- **Exercise**
Set down each line from the line holding "Nitecore 18650 NL183 akkuparisto" to the last line of the entries below, exactly, with both ends included and without pictures.

[Captioned web image data]
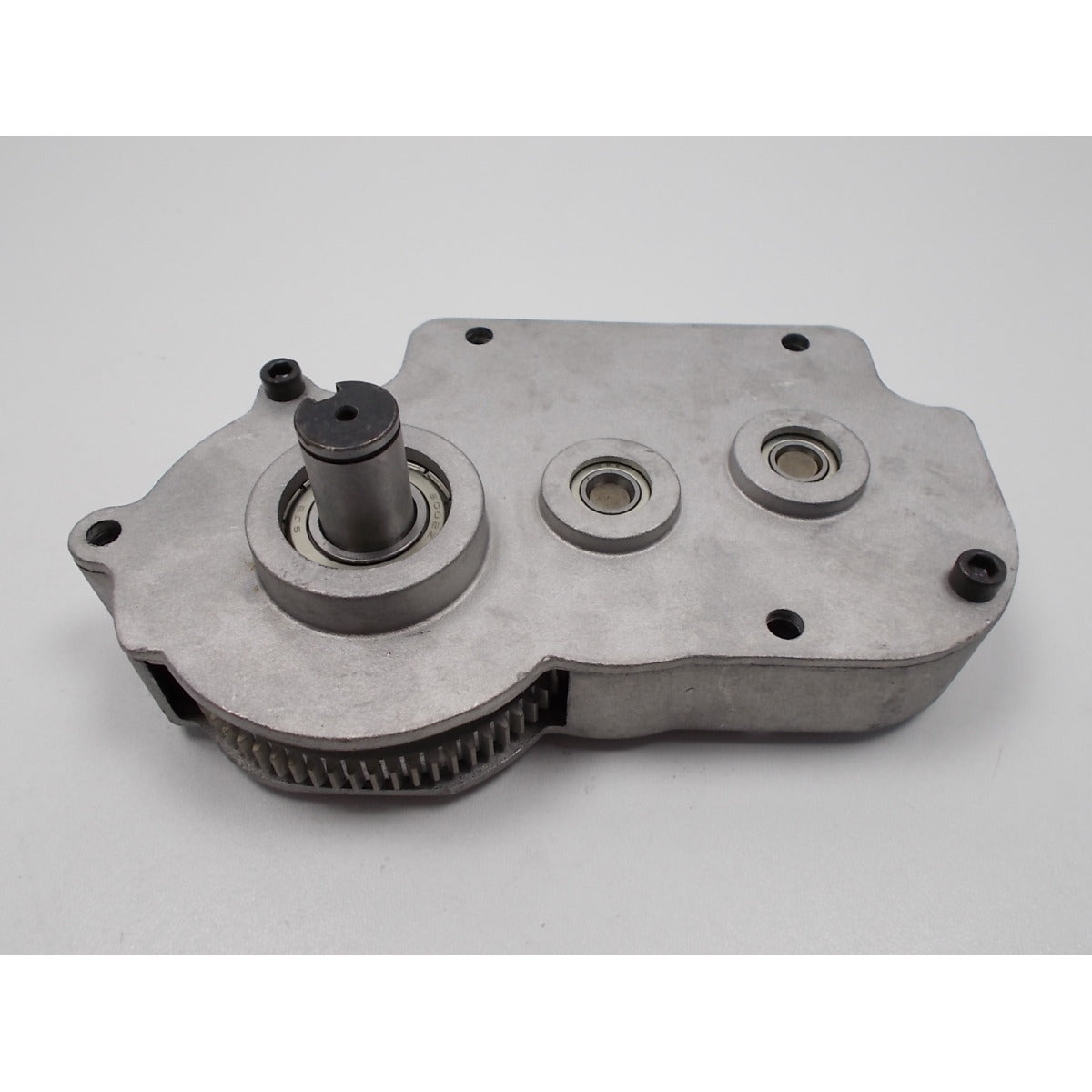 Holzstar Getriebe DH 330 - Art. 0590433017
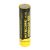 Nitecore 18650 NL183 akkuparisto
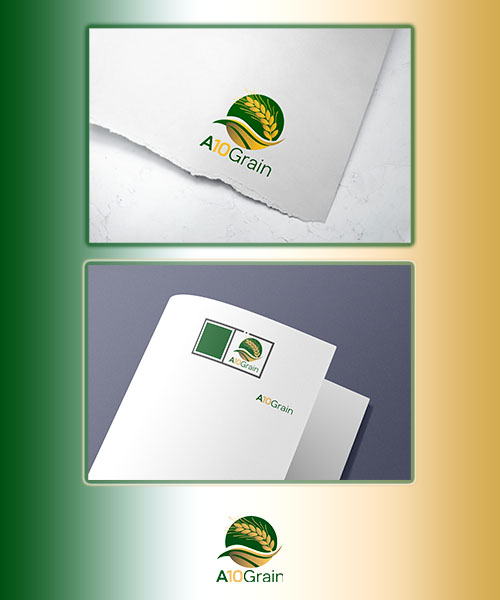 Hng Advertising Image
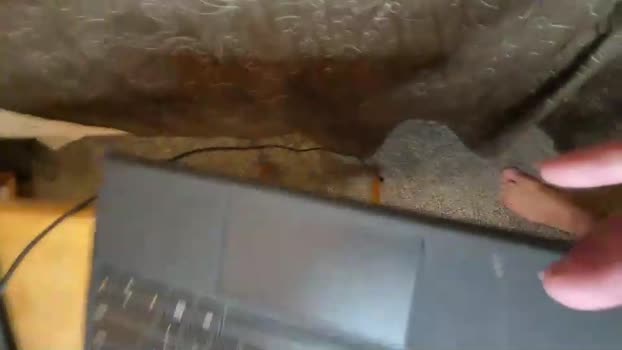 filfaonyx big Webcam SHOW @ Chaturbate 04-11-2025
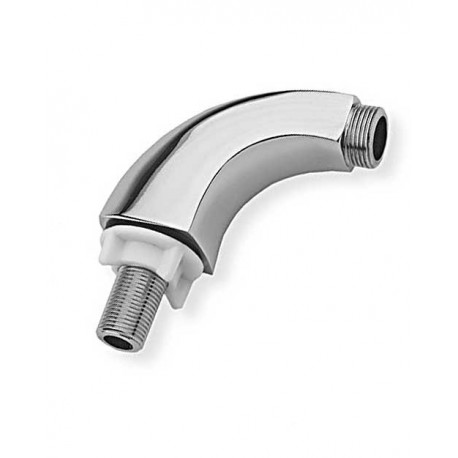 Przyłącze kątowe G 1/2” x 3/4” KFA 824-110-00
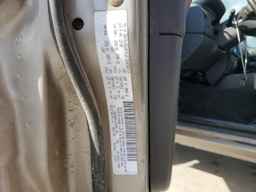 2000 JEEP Grand Cherokee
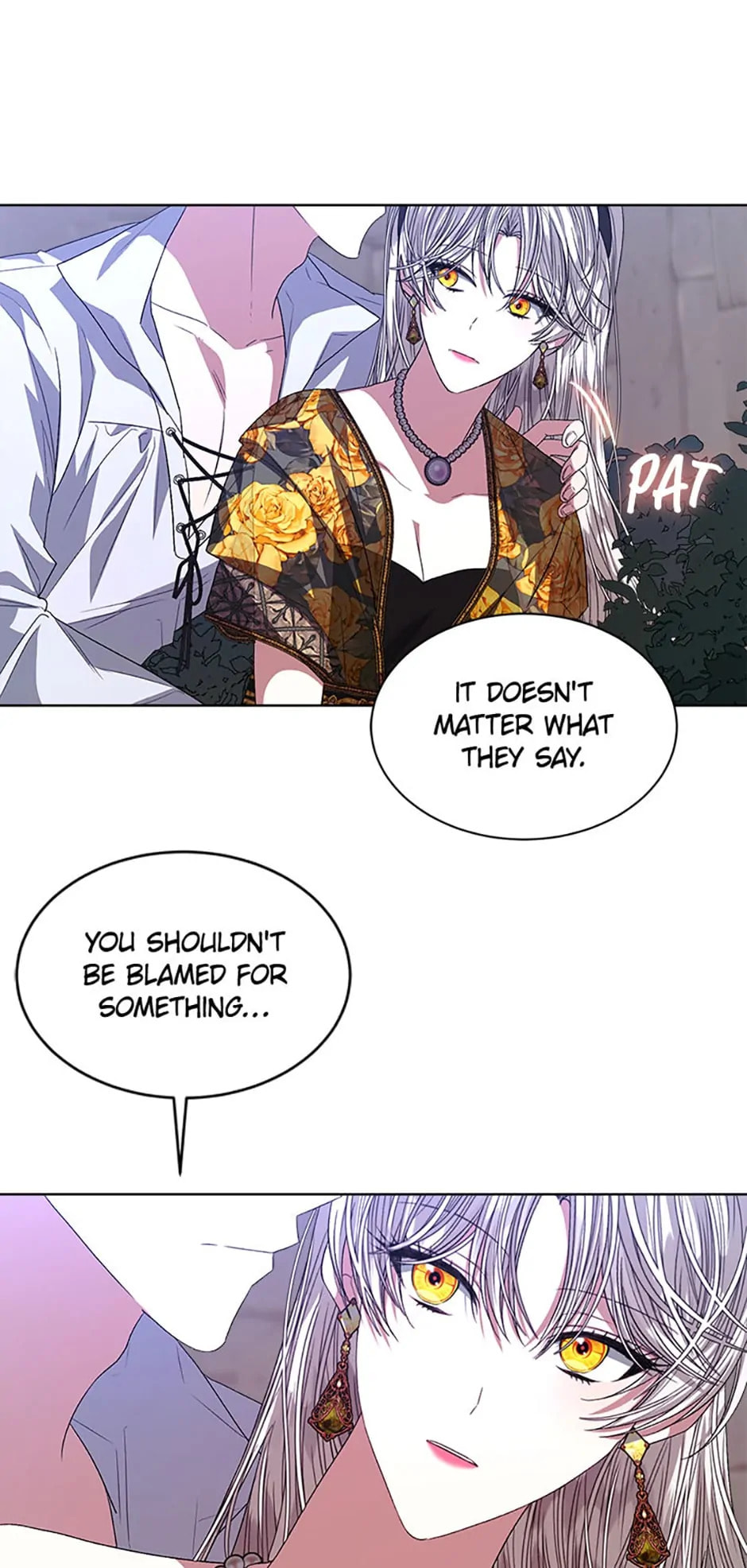 ION (Colored) Chapter 46 page 28 -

- **Answer space**
 Nitecore 18650 NL183 akkuparisto
 Hng Advertising Image
 filfaonyx big Webcam SHOW @ Chaturbate 04-11-2025
 Przyłącze kątowe G 1/2” x 3/4” KFA 824-110-00
 2000 JEEP Grand Cherokee
 ION (Colored) Chapter 46 page 28 -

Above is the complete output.